Discussion:
[SR-Users] Child process exited by a signal 11
Allen Zhang
2014-03-19 22:50:26 UTC
Permalink
Hi,

Scenario:
Our kamailio server normally has a debug level of 2.
The server gets a segmentation fault and dies when we run a certain demo. The error message is:
"[4097]: ALERT: <core> [main.c:789]: child process 4098 exited by a signal 11"
And we got a lot of these before it dies:
"error reading: Connection reset by peer (104)"
"ERROR: tcp_read_req: error reading"
Because of the low debug level, I have no idea of what child process 4098 was doing before it died.

Here is the wired bit:
The problem goes away if I set debug level to 5.
But always occurs at debug level 2.

Two questions:
1, I noticed that the main thread was 4097 and 4098 died. what is the child process created straight after main? My guess is this 4098 child process manages TCP connections. Is this correct?

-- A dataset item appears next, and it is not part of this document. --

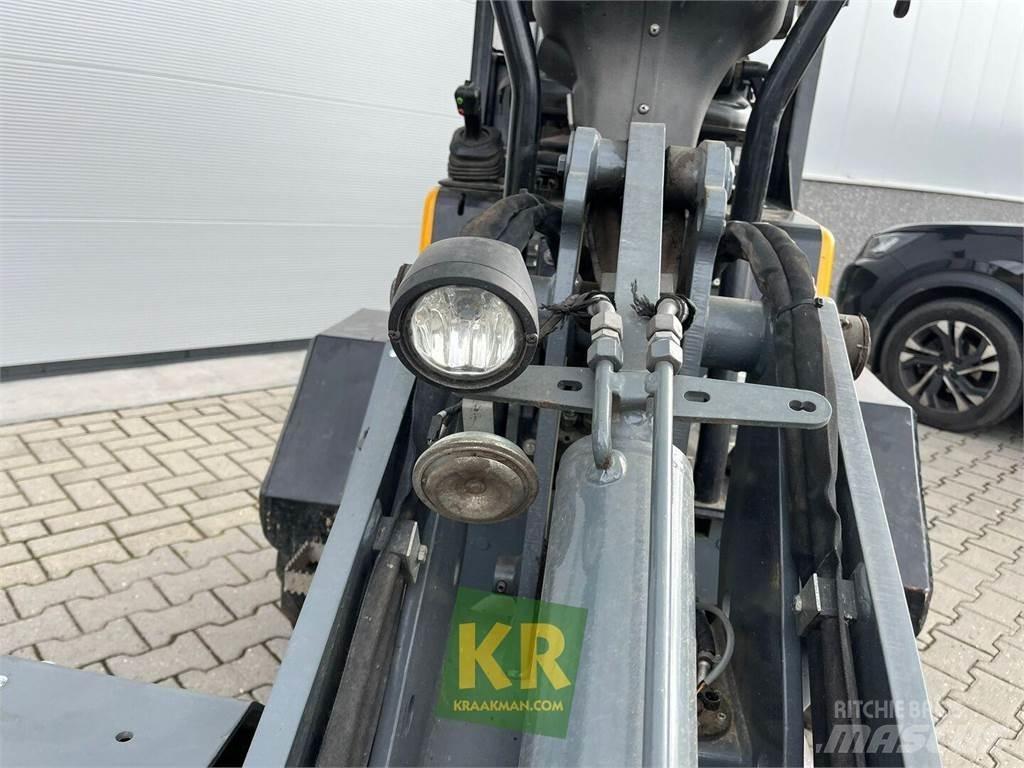GiANT D332 لوادر وحفارات أمامية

2, Why does debugging level has an impact on this? Is it because higher debugging level introduces some delay?


Regards,

Allen
Alex Balashov
2014-03-19 22:57:55 UTC
Permalink
Post by Allen Zhang
1, I noticed that the main thread was 4097 and 4098 died. what is the
child process created straight after main? My guess is this 4098 child
process manages TCP connections. Is this correct?
2, Why does debugging level has an impact on this? Is it because higher
debugging level introduces some delay?
That's hard to say. However, changing any aspect of the execution
behaviour changes the state of the program, and can certainly have an
impact on when it crashes, and whether it crashes at all.

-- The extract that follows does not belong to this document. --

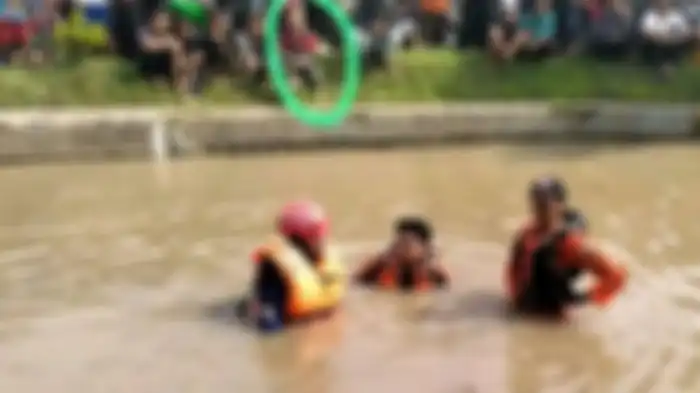 Bocah saksikan proses pencarian dirinya yang dilaporkan tenggelam.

The nature of memory bugs is that memory boundaries are often
overstepped, but this does not necessarily result in a crash. The crash
arises from the consequences of accessing that out-of-bounds memory,
such as when the program ingests garbage from that memory area because
it has been written to by something else. And, all of this behaviour
varies with the order of operations, the particular libc you are using,
its version, and the memory footprint of various other executed components.

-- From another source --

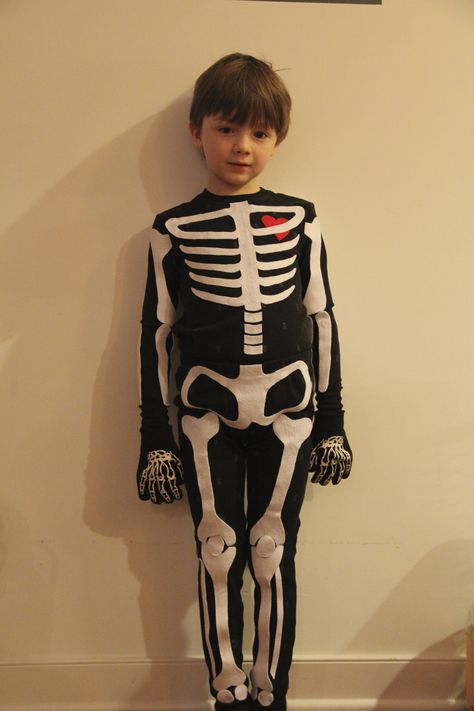 Skeleton Costume Diy, Ray Costume, Halloween Diy Outfit, Skeleton Costumes, Skeleton Costume, Diy Costume, Halloween 2023, Fancy Dress Costumes, Diy Costumes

The way to troubleshoot an issue like this is to analyse the core dump
that is generated by the process that died due to the segmentation fault
(signal 11). You should be able to find that core dump somewhere on your
system. When you do, you can read it with 'gdb':

gdb /path/to/kamailio/binary /path/to/core.4098

Note that by default, many values will be optimised out. To get a fuller
picture, you may need to compile Kamailio without -Ox compiler
optimisations, and with additional debug information, e.g. -g.

-- Alex
--
Alex Balashov - Principal
Evariste Systems LLC
235 E Ponce de Leon Ave
Suite 106
Decatur, GA 30030
United States
Tel: +1-678-954-0670
Web: http://www.evaristesys.com/, http://www.alexbalashov.com/
Allen Zhang
2014-03-19 23:04:37 UTC
Permalink
Hi Alex,

Shouldn't the debug level only have an impact on the amount of information written to the log?
And that should only changes the delay between operations?

Allen



-----Original Message-----
From: sr-users-***@lists.sip-router.org [mailto:sr-users-***@lists.sip-router.org] On Behalf Of Alex Balashov
Sent: Thursday, 20 March 2014 11:58 a.m.
To: sr-***@lists.sip-router.org
Subject: Re: [SR-Users] Child process exited by a signal 11
Post by Allen Zhang
1, I noticed that the main thread was 4097 and 4098 died. what is the
child process created straight after main? My guess is this 4098 child
process manages TCP connections. Is this correct?
2, Why does debugging level has an impact on this? Is it because
higher debugging level introduces some delay?
That's hard to say. However, changing any aspect of the execution behaviour changes the state of the program, and can certainly have an impact on when it crashes, and whether it crashes at all.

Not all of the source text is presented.